- Mark Kaufman puts our continually-rising greenhouse gas emissions in historical context, with atmospheric concentrations exceeding what they've been in the previous 15 million years. Jason MacLean points out the folly of responding to an imminent and extreme threat with tepid pricing alone rather than an immediate transition to clean energy. And Gillian Steward discusses Jason Kenney's desire to use public funds to fight the oil industry's war against the planet as being as politically pointless as it is environmentally destructive.
- Ben Parfitt rightly argues against the use of secret deals to exempt major British Columbia projects from environmental assessments.
- Laurie MacFarlane writes that wealth accumulation tends to result more from power and privilege than from productivity.
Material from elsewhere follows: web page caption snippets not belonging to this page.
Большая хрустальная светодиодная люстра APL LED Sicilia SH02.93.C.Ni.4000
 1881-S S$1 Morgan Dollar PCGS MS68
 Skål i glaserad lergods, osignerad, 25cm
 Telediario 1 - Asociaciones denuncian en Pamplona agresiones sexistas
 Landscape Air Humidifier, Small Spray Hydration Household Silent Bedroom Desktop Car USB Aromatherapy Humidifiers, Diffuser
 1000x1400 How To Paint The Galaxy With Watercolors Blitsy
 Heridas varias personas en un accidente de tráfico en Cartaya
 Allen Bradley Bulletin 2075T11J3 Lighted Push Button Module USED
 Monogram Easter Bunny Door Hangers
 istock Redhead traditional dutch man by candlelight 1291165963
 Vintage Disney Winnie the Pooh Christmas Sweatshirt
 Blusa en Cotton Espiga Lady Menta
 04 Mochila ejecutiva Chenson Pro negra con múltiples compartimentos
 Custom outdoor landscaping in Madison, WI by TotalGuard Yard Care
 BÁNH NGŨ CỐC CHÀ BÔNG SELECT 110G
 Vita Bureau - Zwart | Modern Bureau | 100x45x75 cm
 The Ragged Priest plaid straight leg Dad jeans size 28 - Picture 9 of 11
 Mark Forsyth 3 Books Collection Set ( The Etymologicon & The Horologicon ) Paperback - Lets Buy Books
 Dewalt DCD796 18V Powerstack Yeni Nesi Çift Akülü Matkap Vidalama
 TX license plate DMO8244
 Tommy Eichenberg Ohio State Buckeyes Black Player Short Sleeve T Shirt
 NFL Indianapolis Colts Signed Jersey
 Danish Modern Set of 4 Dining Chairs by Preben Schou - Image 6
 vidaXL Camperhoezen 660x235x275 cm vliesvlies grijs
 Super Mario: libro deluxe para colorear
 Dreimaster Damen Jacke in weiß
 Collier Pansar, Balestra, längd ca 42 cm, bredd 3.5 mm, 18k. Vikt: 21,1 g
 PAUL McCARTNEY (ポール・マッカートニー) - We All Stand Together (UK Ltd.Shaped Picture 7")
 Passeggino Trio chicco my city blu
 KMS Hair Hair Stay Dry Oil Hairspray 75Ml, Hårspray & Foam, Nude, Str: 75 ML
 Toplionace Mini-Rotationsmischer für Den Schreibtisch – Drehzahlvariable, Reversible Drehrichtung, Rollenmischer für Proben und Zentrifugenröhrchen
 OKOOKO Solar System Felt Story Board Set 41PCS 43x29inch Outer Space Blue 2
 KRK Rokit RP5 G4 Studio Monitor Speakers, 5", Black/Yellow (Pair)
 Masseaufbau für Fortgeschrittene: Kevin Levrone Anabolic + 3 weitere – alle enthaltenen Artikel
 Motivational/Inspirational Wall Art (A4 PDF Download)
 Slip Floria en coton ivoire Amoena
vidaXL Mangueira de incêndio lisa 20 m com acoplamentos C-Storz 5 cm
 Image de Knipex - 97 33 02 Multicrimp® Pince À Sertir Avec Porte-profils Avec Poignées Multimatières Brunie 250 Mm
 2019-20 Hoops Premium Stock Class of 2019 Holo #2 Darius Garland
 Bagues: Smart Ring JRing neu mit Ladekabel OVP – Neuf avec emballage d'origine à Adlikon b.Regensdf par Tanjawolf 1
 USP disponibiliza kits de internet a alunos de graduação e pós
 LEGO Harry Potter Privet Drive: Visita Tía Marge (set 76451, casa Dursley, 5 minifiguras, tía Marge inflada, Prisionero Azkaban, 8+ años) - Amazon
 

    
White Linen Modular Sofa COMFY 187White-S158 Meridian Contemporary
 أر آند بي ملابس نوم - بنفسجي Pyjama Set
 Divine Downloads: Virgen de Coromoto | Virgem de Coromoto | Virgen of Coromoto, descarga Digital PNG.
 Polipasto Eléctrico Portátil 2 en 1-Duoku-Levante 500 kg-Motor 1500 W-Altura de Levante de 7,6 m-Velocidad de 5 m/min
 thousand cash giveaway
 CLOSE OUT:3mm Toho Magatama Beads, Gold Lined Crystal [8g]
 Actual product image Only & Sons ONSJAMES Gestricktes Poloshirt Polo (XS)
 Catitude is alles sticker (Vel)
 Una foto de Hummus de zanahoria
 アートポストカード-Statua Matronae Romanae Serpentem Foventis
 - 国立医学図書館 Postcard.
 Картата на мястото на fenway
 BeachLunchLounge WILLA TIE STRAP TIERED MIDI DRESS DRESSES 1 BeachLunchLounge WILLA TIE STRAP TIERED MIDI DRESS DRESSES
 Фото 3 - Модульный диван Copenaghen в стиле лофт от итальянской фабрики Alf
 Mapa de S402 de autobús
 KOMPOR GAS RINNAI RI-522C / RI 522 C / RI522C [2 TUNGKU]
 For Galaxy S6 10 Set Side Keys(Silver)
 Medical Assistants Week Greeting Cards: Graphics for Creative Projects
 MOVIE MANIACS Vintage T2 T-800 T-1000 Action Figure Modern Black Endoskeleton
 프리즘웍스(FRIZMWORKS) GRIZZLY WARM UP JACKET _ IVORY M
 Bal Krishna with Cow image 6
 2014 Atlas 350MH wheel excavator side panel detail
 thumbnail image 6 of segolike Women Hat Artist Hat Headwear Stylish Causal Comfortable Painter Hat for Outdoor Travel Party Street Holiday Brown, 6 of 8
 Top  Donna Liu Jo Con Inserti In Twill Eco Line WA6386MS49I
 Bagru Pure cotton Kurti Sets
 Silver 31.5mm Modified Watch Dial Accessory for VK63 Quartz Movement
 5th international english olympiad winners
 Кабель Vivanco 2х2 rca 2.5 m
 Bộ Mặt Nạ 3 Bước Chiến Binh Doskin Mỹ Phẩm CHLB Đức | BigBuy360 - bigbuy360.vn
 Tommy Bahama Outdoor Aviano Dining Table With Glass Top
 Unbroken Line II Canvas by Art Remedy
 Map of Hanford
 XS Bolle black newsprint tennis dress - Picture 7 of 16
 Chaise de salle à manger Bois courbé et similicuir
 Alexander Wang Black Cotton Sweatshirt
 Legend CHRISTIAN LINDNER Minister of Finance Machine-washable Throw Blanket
And Jake Johnson notes that the U.S. economy is thoroughly distorted by the influence of a few dynastic families.
- Emma Paling reports on Danyaal Raza's recognition that Doug Ford's regressive labour policies will lead to avoidable strain on Ontario's health care system.
- Finally, Kristin Eberhard points out how a proportional electoral system can ensure that low-income and marginalized people are able to fully exercise the voting power they deserve - and thus see their interests reflected in government policies:
ProRep is associated with more progressive tax policies, more aid for lower-income families, more investment in institutions that decrease inequality (such as public education), and decreased inequality, according to a 2006 statistical analysis of Organisation for Economic Co-operation and Development member states. Why? Partly because center-right governments tend to dominate in winner-take-all countries, whereas center-left governments fare better in ProRep systems. But regardless of party control, the analysis found, ProRep fosters greater equality. ProRep center-left governments are simply more ambitious in their policies to enhance equality than center-left governments in winner-take-all countries, probably because coalition dynamics in ProRep countries give more power to low-income voters.
ProRep countries spend more on reducing poverty and public health. Public health scholars have pointed out that “poverty rates and government support in favour of health—the extent of government transfers—is higher when the popular vote is more directly translated into political representation through proportional representation.” In 2008, scholars concluded that the lack of proportional representation in Canada “is associated with higher poverty rates and less government action in support of health.”
Electoral systems that translate the will of the people to representatives, as ProRep does, pass policies that people want. When voters want a more equal society, ProRep countries deliver. Winner-take-all countries, with their distorted electoral results, also pass distorted policies that exacerbate inequality.